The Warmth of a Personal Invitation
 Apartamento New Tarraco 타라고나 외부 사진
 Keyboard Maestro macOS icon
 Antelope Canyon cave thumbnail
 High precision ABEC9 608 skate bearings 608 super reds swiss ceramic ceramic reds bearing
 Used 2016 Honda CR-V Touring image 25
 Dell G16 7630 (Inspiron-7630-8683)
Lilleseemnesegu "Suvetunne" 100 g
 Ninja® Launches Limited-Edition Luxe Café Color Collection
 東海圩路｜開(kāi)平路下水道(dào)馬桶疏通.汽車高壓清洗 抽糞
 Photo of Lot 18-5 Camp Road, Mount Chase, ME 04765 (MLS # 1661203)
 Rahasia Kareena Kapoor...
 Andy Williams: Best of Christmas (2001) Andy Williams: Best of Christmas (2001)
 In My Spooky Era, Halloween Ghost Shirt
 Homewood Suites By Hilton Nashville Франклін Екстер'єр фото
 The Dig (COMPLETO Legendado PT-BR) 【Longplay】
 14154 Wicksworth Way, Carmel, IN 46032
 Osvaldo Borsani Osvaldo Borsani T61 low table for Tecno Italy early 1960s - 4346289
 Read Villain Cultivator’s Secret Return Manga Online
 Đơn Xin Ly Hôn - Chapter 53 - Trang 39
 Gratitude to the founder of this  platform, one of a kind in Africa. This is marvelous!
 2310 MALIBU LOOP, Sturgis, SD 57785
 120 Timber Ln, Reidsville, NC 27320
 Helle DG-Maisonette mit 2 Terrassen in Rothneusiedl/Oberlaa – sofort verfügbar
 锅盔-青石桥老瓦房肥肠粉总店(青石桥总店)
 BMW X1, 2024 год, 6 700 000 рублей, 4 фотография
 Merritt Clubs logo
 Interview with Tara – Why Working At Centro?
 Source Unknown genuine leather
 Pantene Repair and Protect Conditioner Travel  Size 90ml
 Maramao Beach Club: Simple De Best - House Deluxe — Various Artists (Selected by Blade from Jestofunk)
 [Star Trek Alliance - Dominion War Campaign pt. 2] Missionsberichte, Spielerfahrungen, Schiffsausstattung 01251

________________

TASK OBJECTIVE
Pull out each line of the listing that holds the string "Best".

RESULT FOR THIS EXERCISE
 Andy Williams: Best of Christmas (2001) Andy Williams: Best of Christmas (2001)
 Maramao Beach Club: Simple De Best - House Deluxe — Various Artists (Selected by Blade from Jestofunk)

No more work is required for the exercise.